What Causes LLC Member Disputes?

While disputes between members can come about for many reasons, they often begin with a lack of communication between the members when establishing the LLC. Members’ expectations may vary or be misunderstood, causing discord between the members. 

  • Members may disagree as to the scope of the managing member’s authority;
  • A member may have breached (or been perceived to breach) a contract term, law or fiduciary duty.
  • Perhaps a member received additional compensation and it is unclear to the other members why.  

All of these are issues that arise from a lack of communication (and planning) by the members.

How Should Members Address Disputes? 

Drawing additional income or making a major decision without a member vote may or may not be appropriate. It depends on the terms of the LLC’s operating agreement. A well-drafted operating agreement should define members’ rights and responsibilities. If the operating agreement does not address the issue, or if there is no operating agreement (South Carolina does not require an operating agreement to form an LLC), the South Carolina Uniform Limited Liability Company Act will govern the operations of the LLC. 

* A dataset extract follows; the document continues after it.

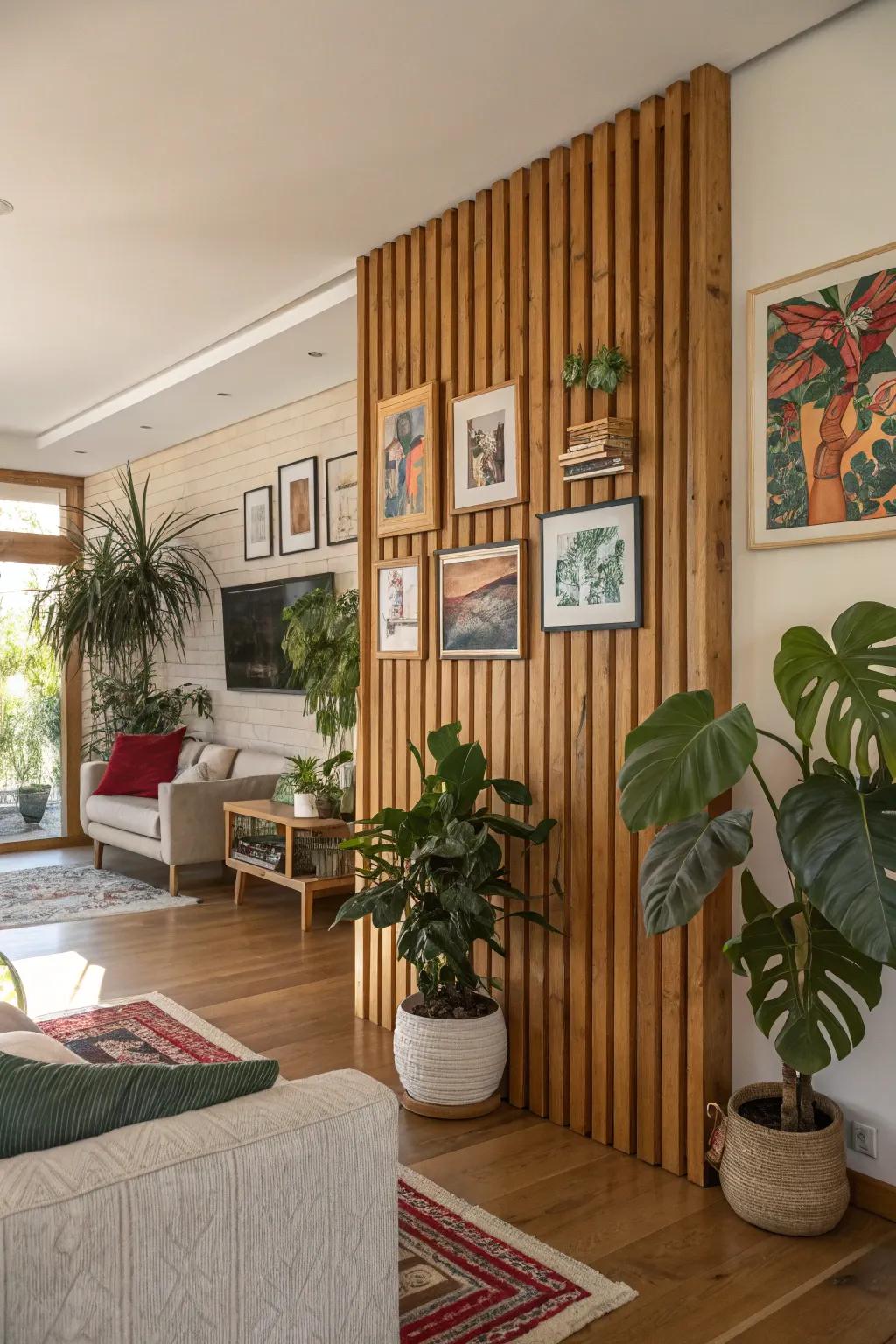 Enhance your space with a blend of art and organic elements on a wood slat wall.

The next step (should the issue persist) is to pursue dispute resolution. Most operating agreements provide guidelines for dispute resolution. Normally, they require members to take their matter to arbitration or mediation. Resolving the dispute outside of court is generally the preferred means, and members should strongly consider this even if it is not required by agreement: LLC litigation is complex and can require business valuations, forensic accounting and extensive document discovery. Litigation can be disruptive to business and heighten acrimony between members.

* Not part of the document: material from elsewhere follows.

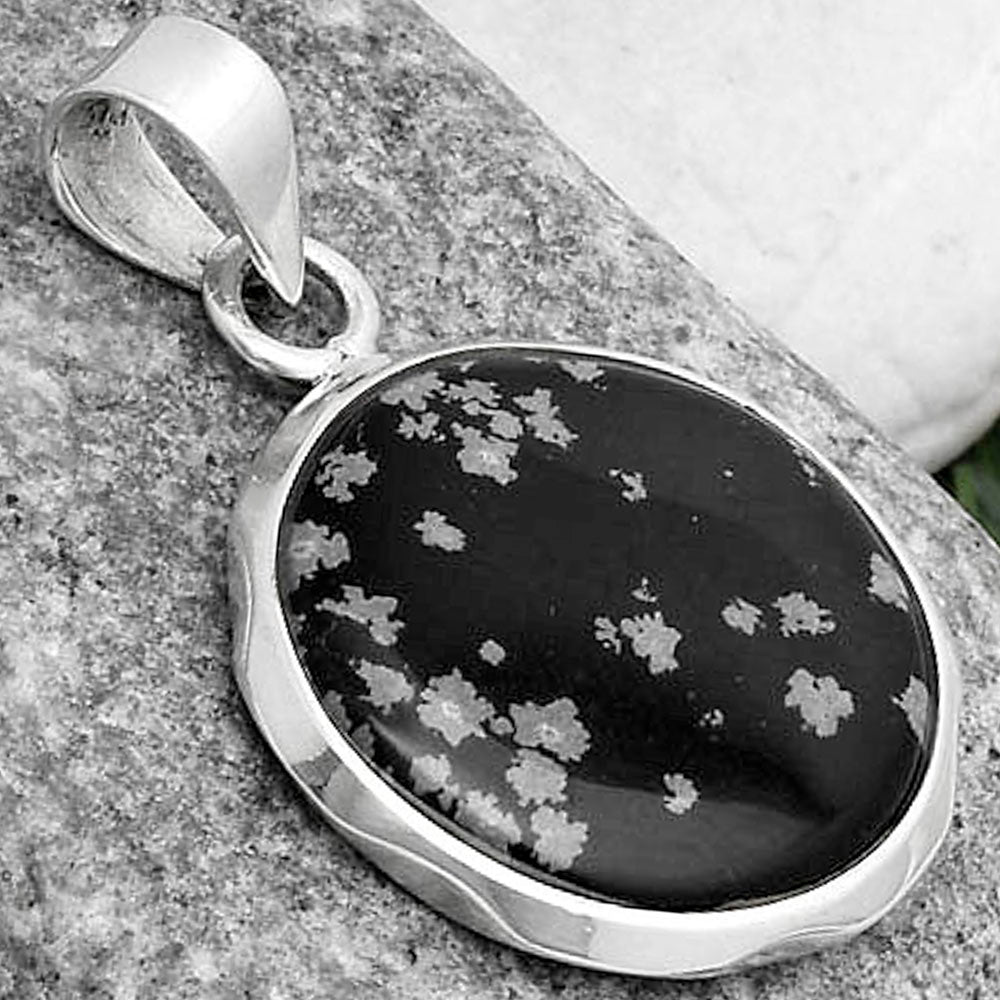 Natural Snow Flake Obsidian Pendant P-1110 SDP120451
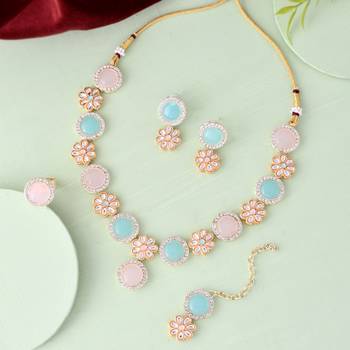 Sasha  pink and blue kundan jewellery set for women & girls (necklace and earrings with ring and mang tikka) 1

How to Avoid Disputes in the Future.

The healthiest business relationships are those that are well defined. Members should:

  • Invest the time and effort into ensuring their operating agreement is comprehensive and detailed, including voting and distribution rights, how member meetings are called and conducted and the powers of any managing members.
  • All members should be familiar with the terms of the operating agreement.
  • Members should ensure clear communications and institute decision-making and operational procedures that are understood by all.

Protocols are particularly important in LLCs that have a managing member.

Where members’ respective roles, rights and responsibilities are clearly laid out and where there are mechanisms to monitor the relationship, the prospects of things going south are greatly reduced.